Default Data Explorer Users

A default users wizard-user and search-user with password "password" are be configured on install. These users are for convenience to do demos. IMPORTANT: It is highly recommended to remove the default users or change their passwords for deployments!!!

Application Security Roles

The Data Explorer and the data explorer roles do not have any permissions to see any application data.
Users of the Data Explorer must have the application roles required to see data in the database, otherwise they can't see the data. If a user is already configured in MarkLogic with application roles, you can simply add the data-explorer-search-role to the existing user account to use the Data Explorer tool and see their data.
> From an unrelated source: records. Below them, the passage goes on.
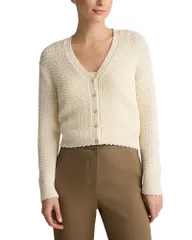 セントジョン レディース アウター カーディガン クレープ セーター ニット St John Perle Crepe Knit Cardigan Sweater Ecru エクリュのサムネイル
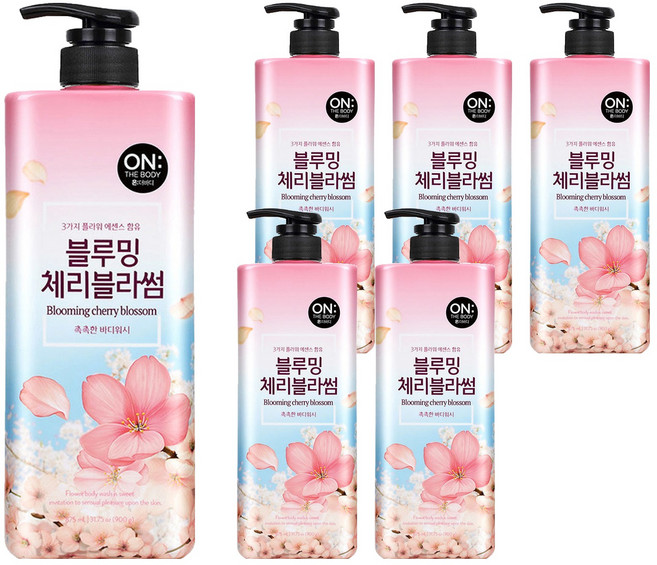 ON THE BODY 花漾香氛沐浴乳 甜美櫻花, 900g, 6瓶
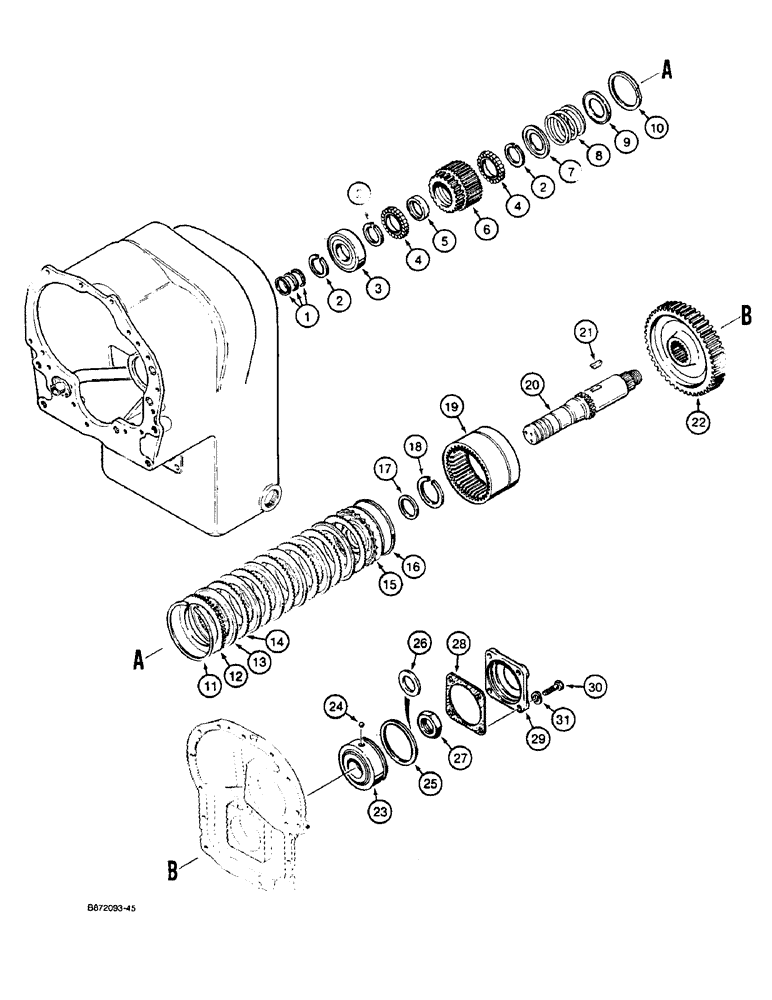Схема запчастей Case W36 - (6-186) - TRANSMISSION ASSEMBLY, FOURTH CLUTCH SHAFT PARTS (06) - POWER TRAIN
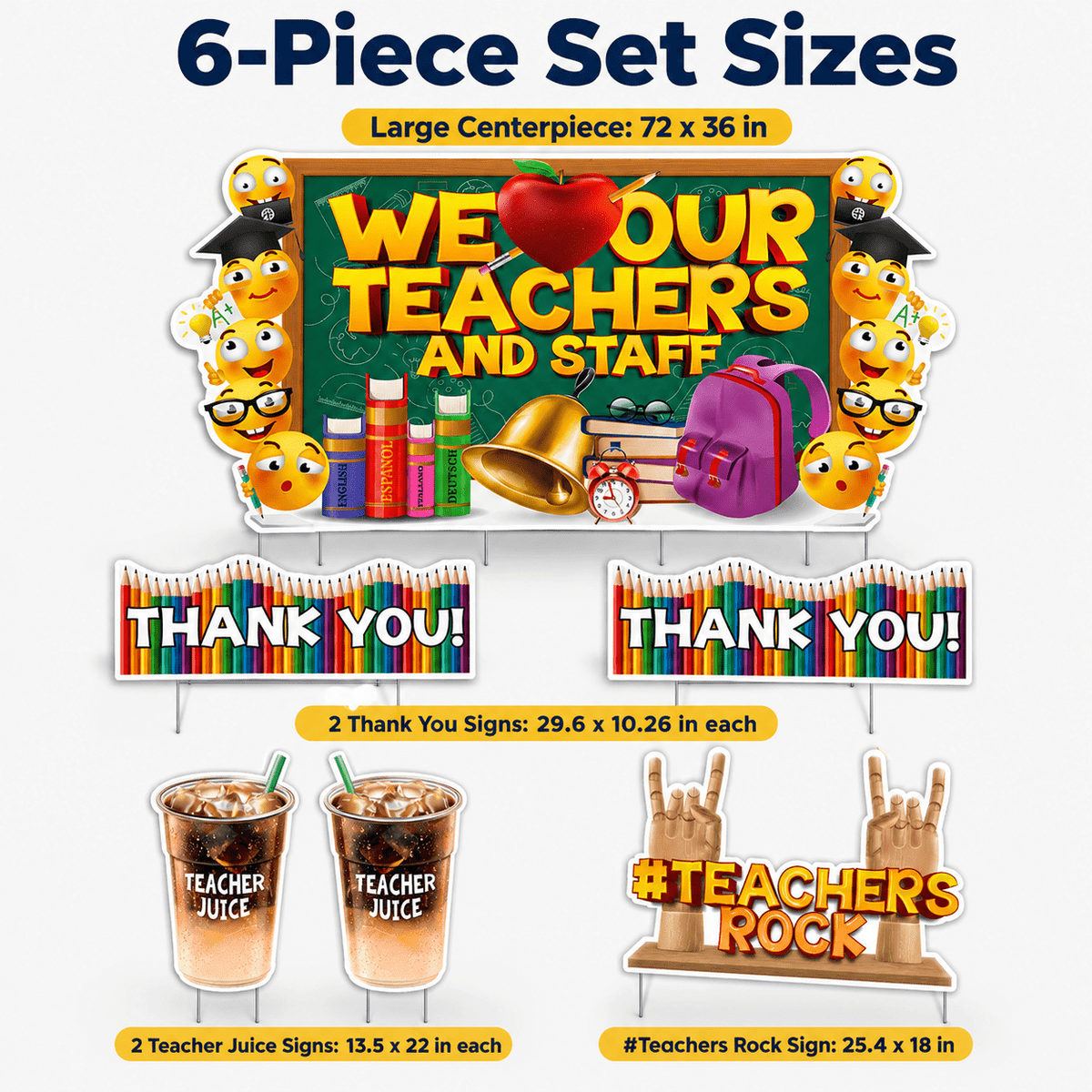 Jumbo We Love Our Teachers and Staff Oversized EZ Yard Card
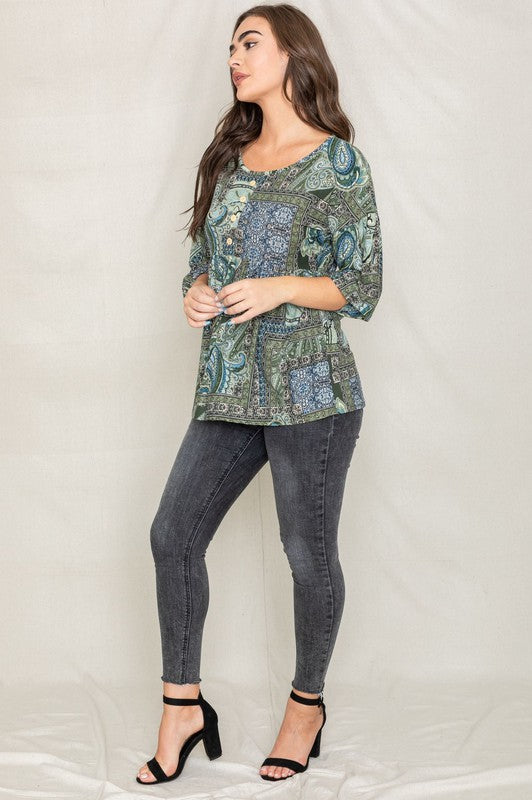 Button Accent Paisley Top-Charmful Clothing Boutique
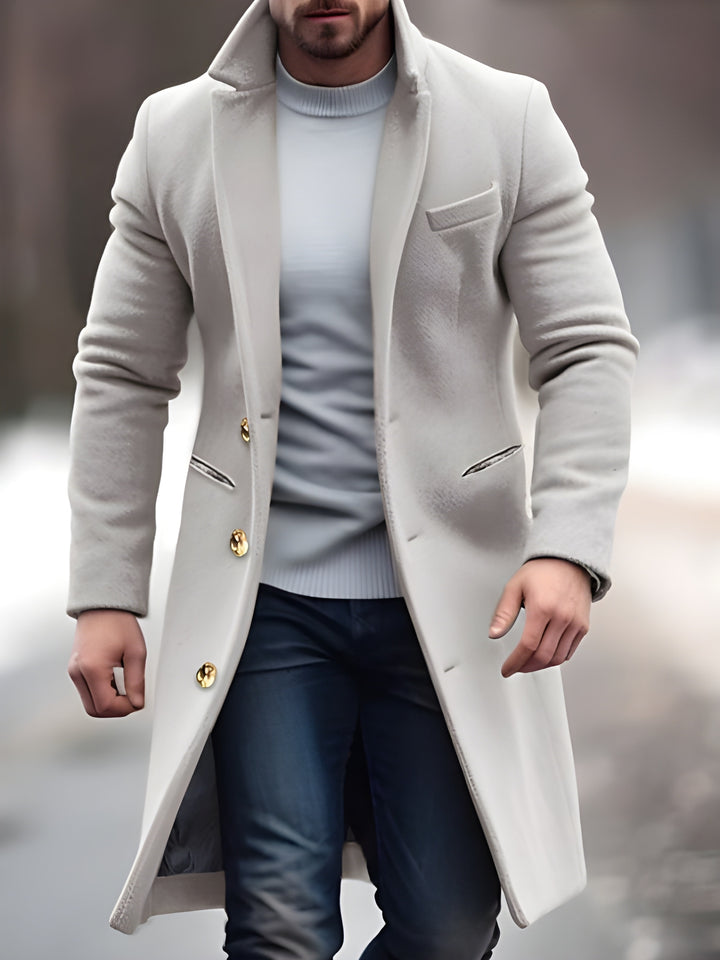 Men’s Long Coat | Chic & Modern | Stylish Button Details & Refined Fit | Poly Cotton Blend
NOTE: If a search user is not seeing their data - check their roles/permissions.

Basic searching

The left hand side has selection and query controls to find data and show in your configured view(s). Version 0.10 has added bookmarks which allow quick access to "saved" queries.

Search Screen Image

Other features

In addition, the data can be

  • Exported to Excel
  • clicked into to see a hierarchical view of the data
    • in this view, element names are tokenized to text prompts and XML nesting becomes simple indentation
  • click through the hierarchical view to the raw data
  • view properties and collections of records

Use with the Data Hub Framework or Entity Services

Out of the box, Data Explorer assumes that your documents are of different types distinguished by their root element name. If you are using the Data Hub Framework or Entity Services, however, all your documents will have the same es:envelope "Root Element,"" so choose a new Root Element on the Query Wizard screen. Your ideal root is probably an element inside es:instance that distinguishes a category or type of document.

This is not critical, but for queries to work right, you typically want them restricted to the right "type" of entity or document.

Root Element Selection Image


Contributing, Issues and Code

Development

The Github repository for issue and sprint tracking is here: https://github.com/marklogic-community/data-explorer.

Licenses

  1. MarkLogic - See LICENSE.txt file
  2. Saxon XSLT - This tool uses the Saxon XSLT and XQuery Processor from Saxonica Limited - http://www.saxonica.com/
  3. ANTLR Parser - See notice in LICENSE.txt file
  4. Licenses for individual UI Components are under app/client/bower_components in their respective directory
  5. See Notice.docx for full list of licenses

DownloadLinks

Troubleshooting

  • If you get no results, be sure your user has a role that allows you to see the data. Log in as "admin" and use the Data Explorer tool to see the permissions on the results (click through to a row to see permissions).
  • "No database with identifier 18212714155313180665"
    • Clear out (remove) the amps that reference the database with the database identifier
  • "Invalid parameter: Port 7777 is in use."
    • Find what is using that port, and change it via the --mlRestPort option to the .jar deployer, or modify gradle.properties to specify another port (see ml-gradle github for details).
  • No search tab, and/or no wizard tab. - Likely need security roles added to the current user - even admin needs a role for these tabs to be visible on the UI.
  • Missing databases - Only databases that have application server are shown in database list.
  • Databases with 0 (zero) documents - Check that the user has the permissions/roles to see the data.
  • Database counts are incorrect - The counts are based on the permissions available to the user, so check permissions (roles) to the data first.